無理に被害者の連絡先等の情報を得ようとすると、捜査機関に証拠隠滅や威迫のおそれがあると受け止められる可能性があるため、無理やり情報を得ようとしないほうが良いでしょう。
被害者が警察に被害届を提出していた場合、加害者に依頼された弁護士は、捜査機関に被害者の情報を教えてくれるよう働きかけます。
捜査機関が被害者に確認し、被害者が弁護士になら連絡先を教えても良いと言ってくれた場合には弁護士が示談交渉を進められます。
加害者自身が逮捕・勾留されている場合
加害者自身が逮捕・勾留されている場合は、自分が依頼した弁護士を除き、外部の人との連絡はとれません。当然、被害者の方に示談について連絡もできません。
逮捕・勾留されている場合には、加害者自身での示談は不可能なので、示談したい場合には弁護士に依頼しましょう。
被害者の被害感情が大きい場合
被害者の被害感情が大きい時や、被害者と加害者の認識が大きく異なる場合に自分で示談交渉を行うと、被害者を更に怒らせてしまうことがあるので、自分でやらない方が良いでしょう。
示談交渉を自分で進める場合の注意点
示談交渉を自分で進める場合の注意点について解説します。
刑事事件の示談には時間制限がある
刑事事件では、示談はできるだけ早く行うのが望ましいです。
逮捕されると捜査機関による取り調べが行われ、逮捕後48時間以内に検察庁に身柄が送致されます。検察官は身柄を受け取ってから24時間以内に、勾留するかどうかを決定します。
勾留決定がされてしまうと最長20日間、身柄が拘束されてしまう可能性があります。
上述のように、刑事事件では段階ごとに時間制限があります。逮捕後すぐに示談が成立すれば検察官送致前に身柄を解放してもらえる可能性があります。
検察官送致後であっても勾留決定前に示談が成立すれば、最長20日間の身柄拘束を受けずに済む可能性があります。
勾留期間中に示談が成立すれば、勾留期間満了時に不起訴処分を獲得できる可能性があります。
勾留期間が満了すると、検察官は起訴するか不起訴にするか判断します。示談成立は起訴不起訴の判断に大きな影響を及ぼします。

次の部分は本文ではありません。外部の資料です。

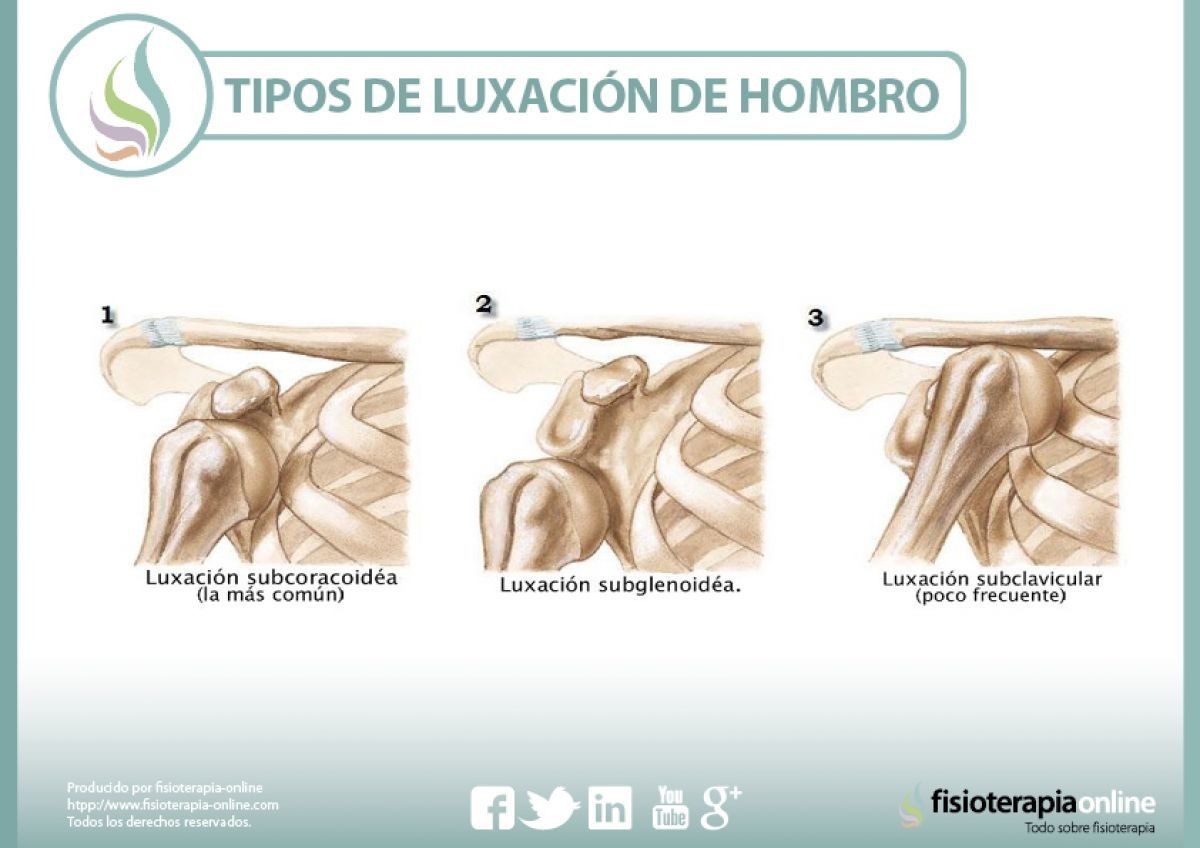 luxación, hombro, recurrente, recidivante, fisioterapia, lesiones, lesión, baloncesto, basket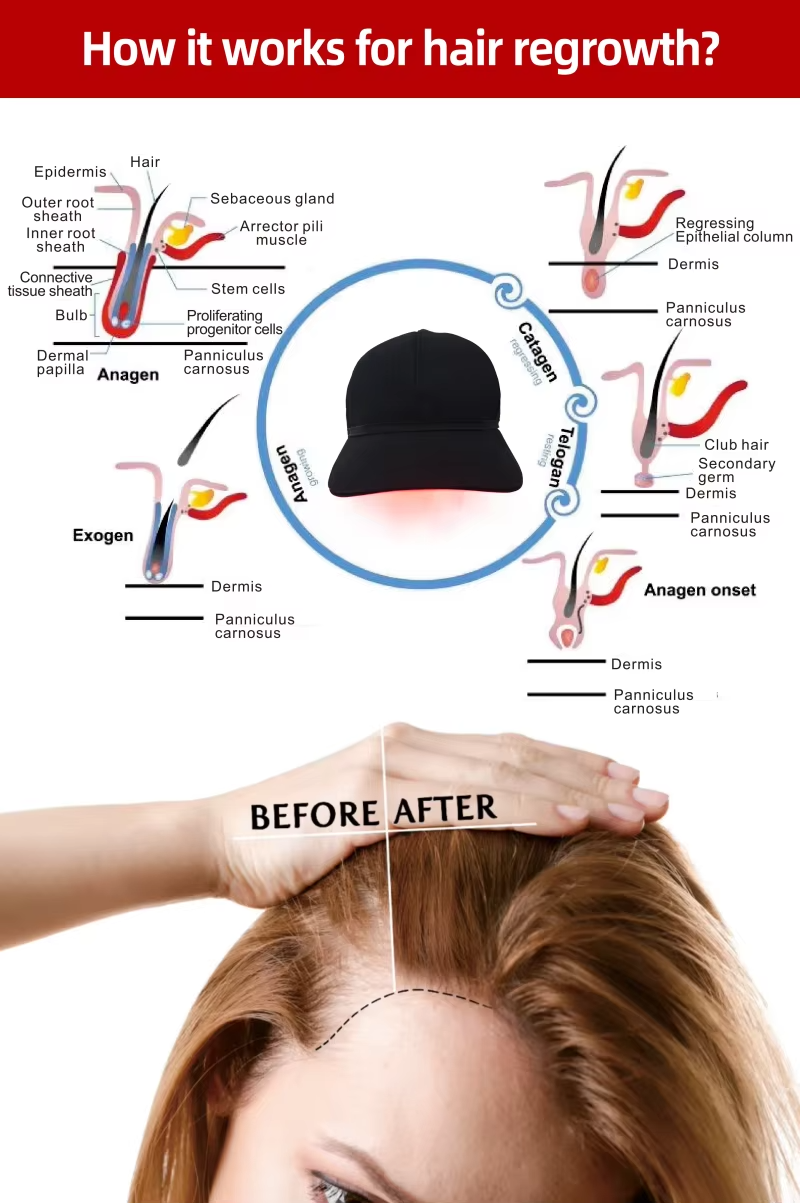 Home Use Red Light Therapy Hair Regrowth Scalp Treatment 660nm 850nm LED Hair Growth Caps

起訴されてしまうと、日本では約99%が有罪になります。刑事事件の示談には時間制限があるので、できるだけ早く示談を成立させましょう。
そもそも交渉を始められない場合もある
示談交渉を自分で進めようと思っても、そもそも交渉を始められない場合があります。以下、解説します。
連絡先を教えてもらえない
そもそも被害者の連絡先がわからなければ示談交渉は始められません。
捜査機関に被害者の情報を教えてもらおうとしても、捜査機関は加害者本人に情報を教えません。
加害者が弁護士に依頼すると、依頼された弁護士は捜査機関に示談したい旨を伝えます。捜査機関は示談交渉のために連絡先を加害者の弁護士に伝えてよいかどうか、被害者に確認します。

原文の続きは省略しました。